Beers are listed by category, with an explanation of each style and its characteristics. This is a step above the average well-stocked beer bar, giving the enthusiastic beginner a chance to order expertly, with a more informed selection process than the usual shot in the dark. Occasionally, our bartender would drop by with a sample similar to various beers already served to us in order to help us expand our horizons with some new selections, a fantastic touch.
The vibe at the Brass Tap is relaxed and classy, with an abundance of seating, smooth lighting, and a wide-open feel due to the outdoor courtyard at the bar's entrance, with no wall or dividers separating it from the interior. This allows air to flow freely; good news for those who aren't fans of cigars, a variety of which are also on the menu. And for those who enjoy a good glass of wine, you won't be left out, as a nice variety is offered, both by the glass and by the bottle.

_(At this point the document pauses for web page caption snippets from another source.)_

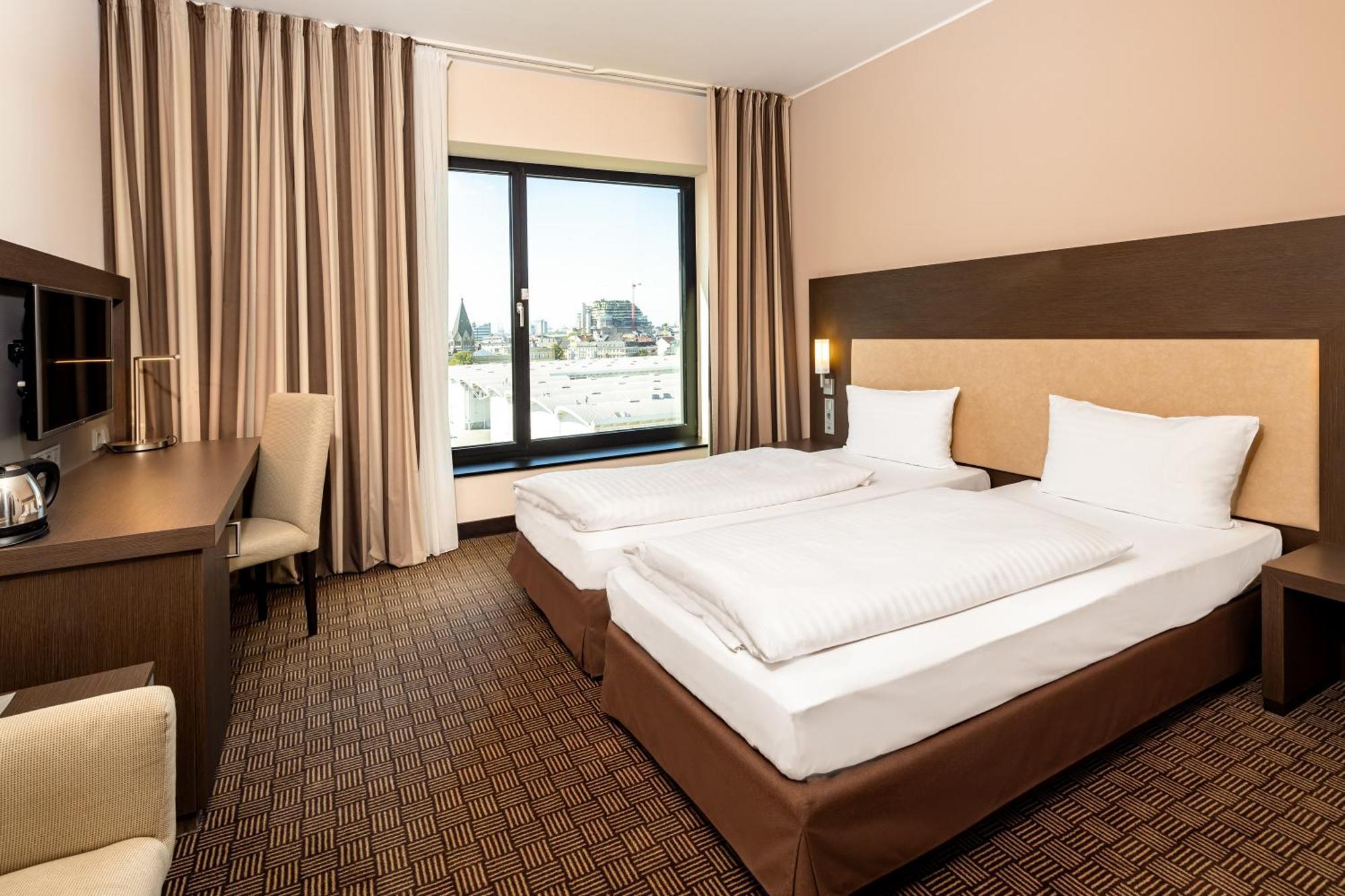 Business Double or Twin Room,1545081679:JPEG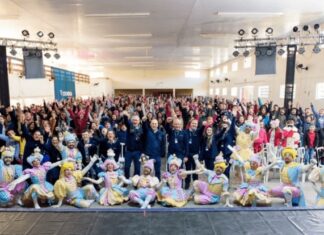 Cooperja promove evento cultural destacando a cooperação e encanta jovens e crianças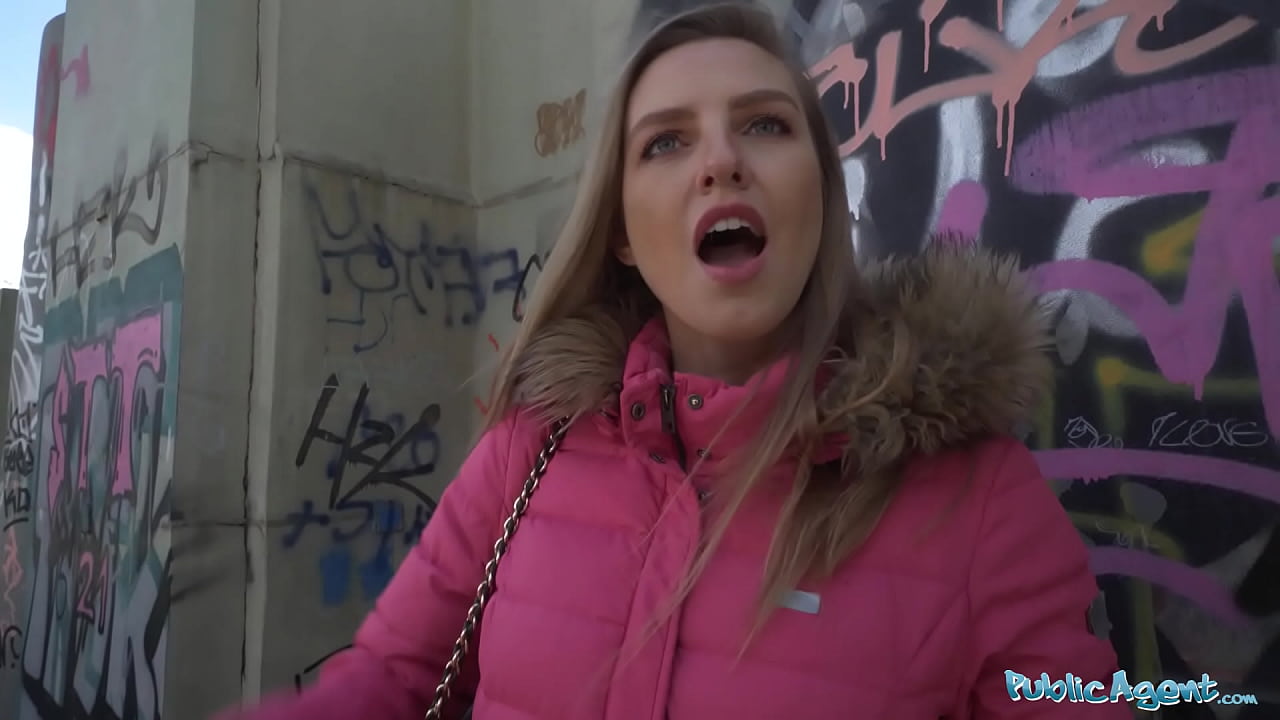 Pubic Agent She give a first class BJ outdoors before shagging a big dick inside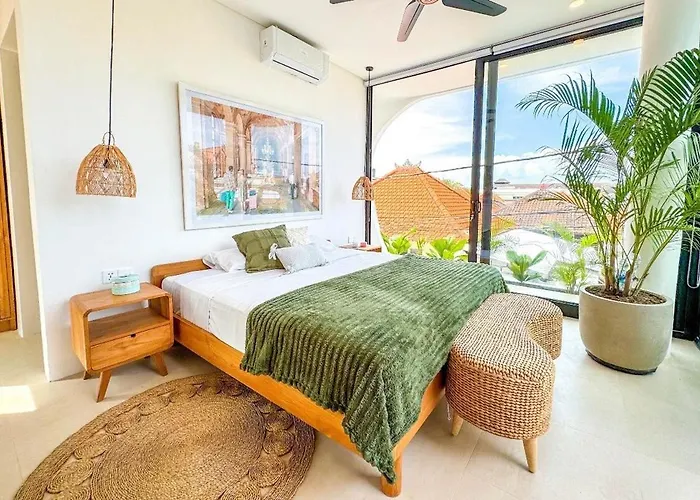 Tropical Chic W Rooftop & Pool In Villa Seminyak (Bali)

One of the downsides of the craft beer explosion is that I can't feel as smug and self-satisfied at my refined taste in beer. With places like the Brass Tap, anyone can come in to order a few drinks and leave with an amount of knowledge to rival that of some longtime enthusiasts. The previously small and elite group of beer die-hards is expanding rapidly, and while this threatens my "cool" status, I can't help but think that's a very good thing indeed.